Perchè i cambiamenti fanno così paura?

“Ora scendo le scale, entro nello spogliatoio che mi ha accolto che ero un bambino e che lascio adesso che sono un uomo. Concedetemi un po’ di paura. Questa volta sono io che ho bisogno di voi e del vostro calore.” 

Con queste parole Francesco Totti si è congedato qualche giorno fa, dopo 25 anni, dalla sua Roma e forse per sempre dal calcio giocato.
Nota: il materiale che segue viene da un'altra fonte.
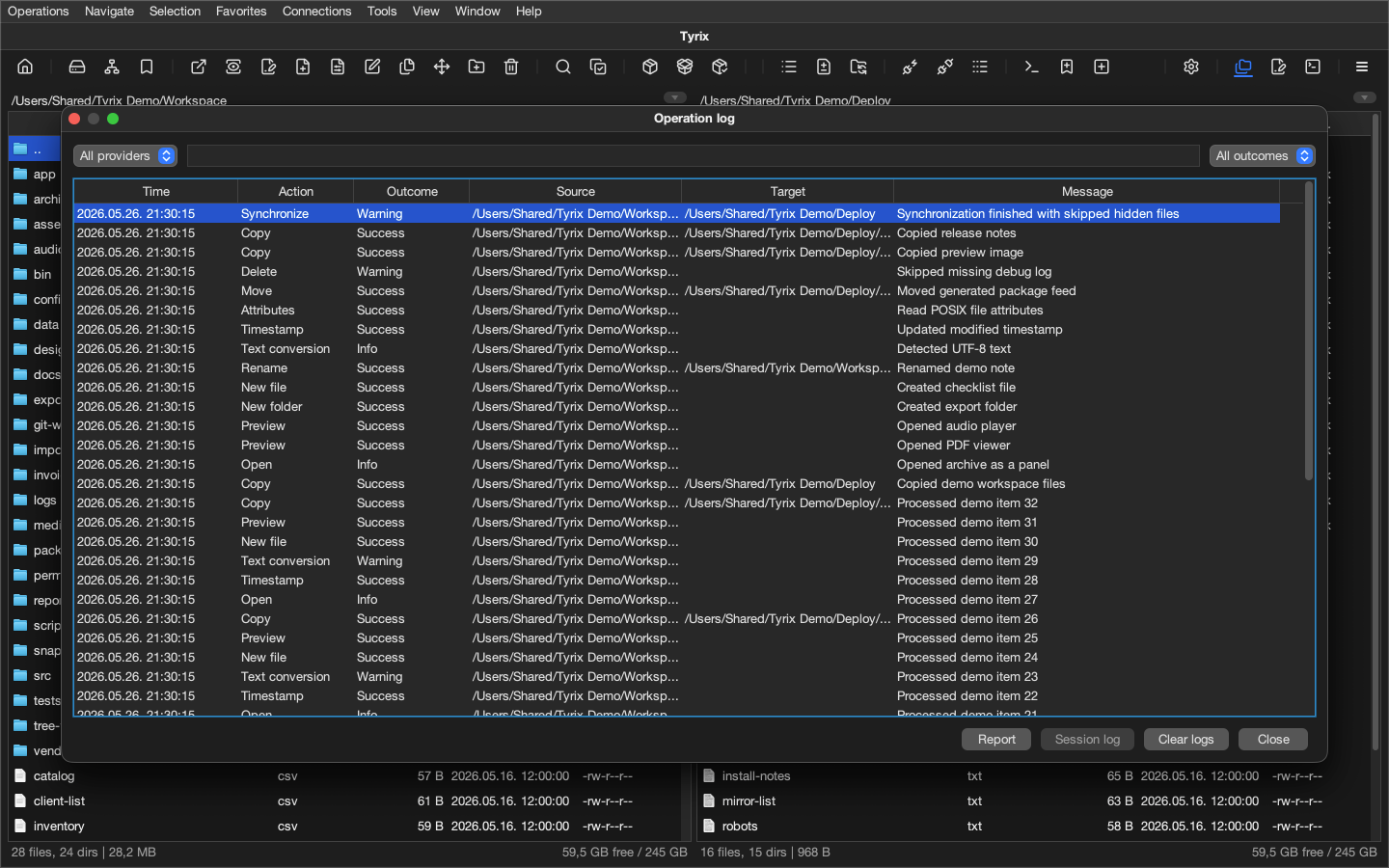 Tyrix operation log dialog with provider, outcome, source, target, and report controls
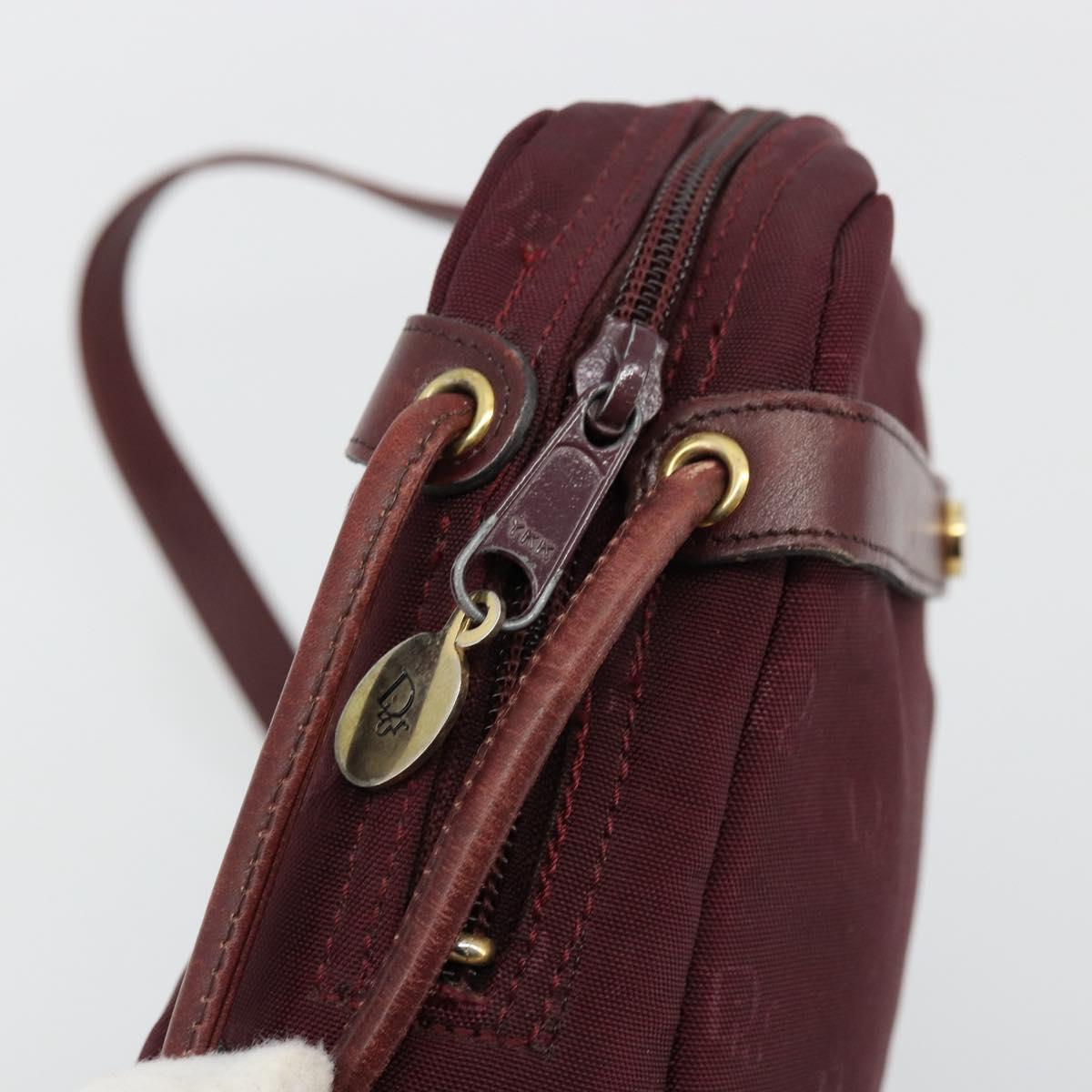 Christian Dior Shoulder Bag Nylon Bordeaux Gold Auth ep14511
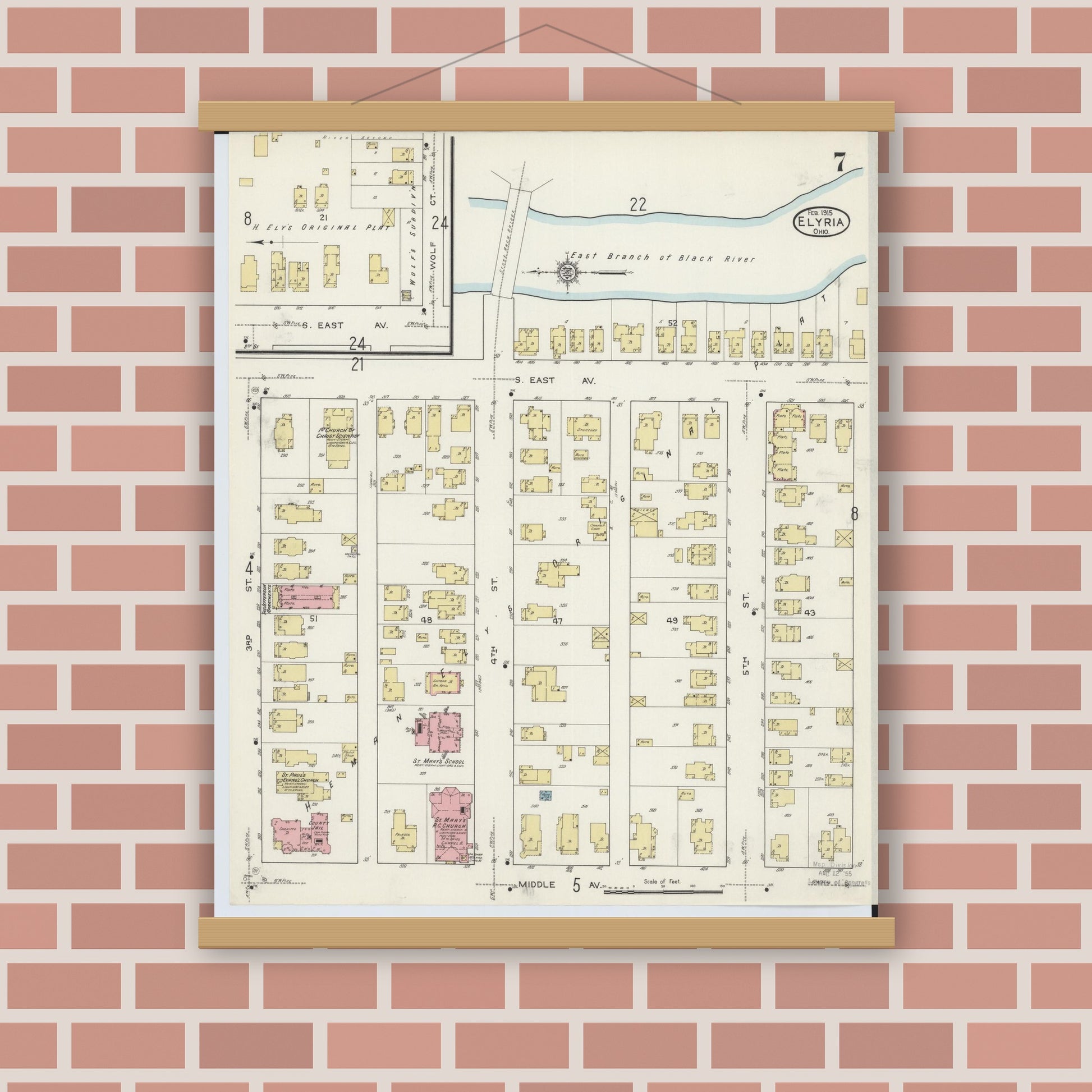 Old map wall art mockup — magnetic wood frame on brick wall — Sanborn Fire Insurance Map from Elyria, Lorain County, Ohio (1915), Sheet #0007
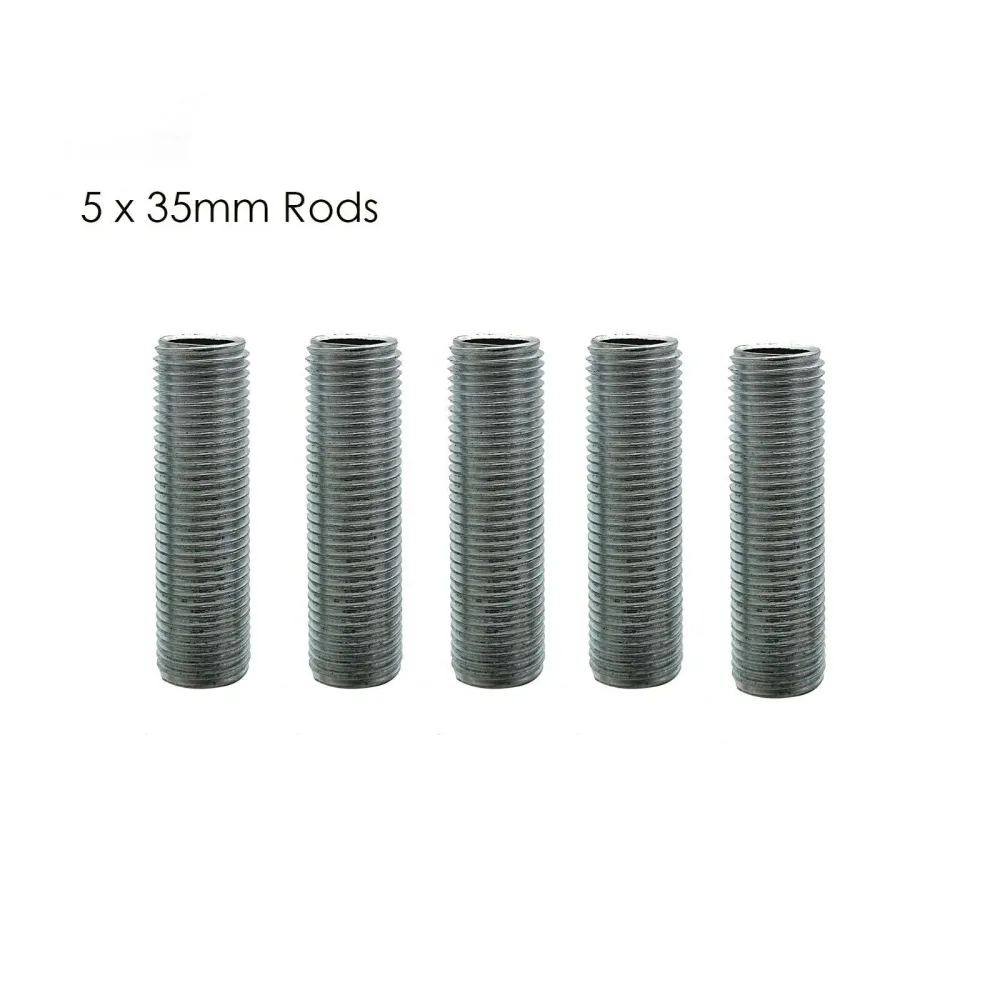 Pipe Nipple Lamp Repair Part 35mm Long 5pcs M10 Threaded Zinc Alloy~2896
Con grande onestà e umiltà l’ex capitano giallorosso ha manifestato una delle paure più diffuse e comuni tra gli esseri umani: quella del cambiamento.

Da dove deriva questa paura?

Nasce dal nostro istinto di sopravvivenza che ci porta a provare costantemente un forte bisogno di certezze, di sicurezza.

E cosa c’è di più incerto del cambiamento?
Conosciamo tutti il famoso proverbio:“Chi lascia la strada vecchia per la nuova sa quel lascia ma non sa quel che trova”.

Quando affrontiamo una situazione nuova veniamo pervasi dal timore di perdere il controllo, tanto che il nostro cervello percepisce il cambiamento come una vera e propria situazione di pericolo, facendoci sentire confusi e a disagio.

Per questo ci creiamo le nostre “zone di comfort” e cioè quell’insieme di situazioni, azioni, luoghi, attività, abitudini, routine, che conosciamo bene e che riusciamo a padroneggiare senza provare disagio.

Vivere solo all’interno di queste zone comode significa però condannarsi a vivere in una prigione, all’interno di confini che impediscono di crescere e migliorare.
In natura tutto ciò che smette di crescere muore, il cambiamento è quindi un processo assolutamente naturale e inevitabile del ciclo di vita delle creature.
Lo sapeva bene Charles Darwin quando affermava “Non sono i più forti della specie che sopravvivono, non i più intelligenti, ma coloro che si adattano meglio al cambiamento.”

Quello che è necessario fare per affrontare al meglio e superare questa paura è iniziare a dare una valenza positiva  a questa parola: evoluzione, crescita, progresso, innovazione, sono tutti sinonimi di cambiamento.

Ricorda, “una nave in porto è al sicuro ma non è per questo che le navi sono state costruite.”